I'm not saying "Given syntax, you have a plumbing language," but "Given a plumbing language, you have syntax." Common things that are easy to think about but hard to do right often get built into a language. (With, sometimes, mixed success.)

I know almost nothing about APL, btw.

>> No.3187569

>>3186263
> Haskell is totally a plumbing language.

Either you omitted a "not" or you don't understand what "plumbing" means in this thread. Apart from anything else, a plumbing language needs libraries to plumb together, and Haskell has even fewer libraries than Lisp.

Also, most libraries have tend to have impure (stateful) interfaces, which means that any Haskell bindings need to be in the IO monad, which is rather "unHaskell-like". If 90% of your program needs to be in the IO monad, you chose the wrong language.

> how most real programs are made (for certain definitions of real).

Right. If Haskell was a plumbing language, you'd expect to see more real programs written in it.

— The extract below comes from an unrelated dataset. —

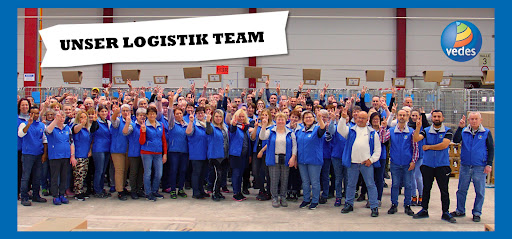 Vedes wholesale GmbH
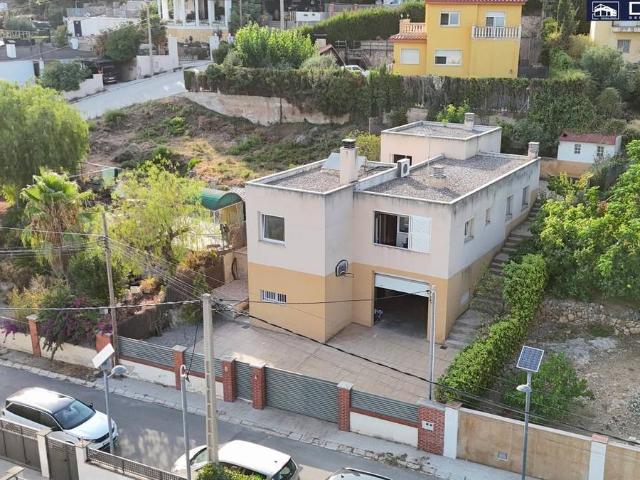 Casa chalet en Venta en Alcover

The usual refrain is "Haskell wasn't designed for writing programs; it was designed for writing academic papers". And that usually comes from people who actually use Haskell.

Apart from the lack of libraries, the biggest problem with writing real programs in Haskell is that space complexity (memory usage) is not only not formally defined but usually not even sane (e.g. iterating over a structure will probably use memory proportional to the size of the structure unless you specifically prevent it by using "seq").

>> No.3187580

> Given a plumbing language, you have syntax.

Tcl is totally a plumbing language and has almost no syntax (the language's syntax is specified in its entirety in the man page, which is only 156 lines (not including header, footer and blank lines).

Perl is totally a plumbing language and has a shitload of syntax.

APL is the opposite of a plumbing language (I don't know if it can even invoke external commands or access external libraries) and is almost entirely syntax (to the point where you need a terminal with loads of mathematical symbols to even type it).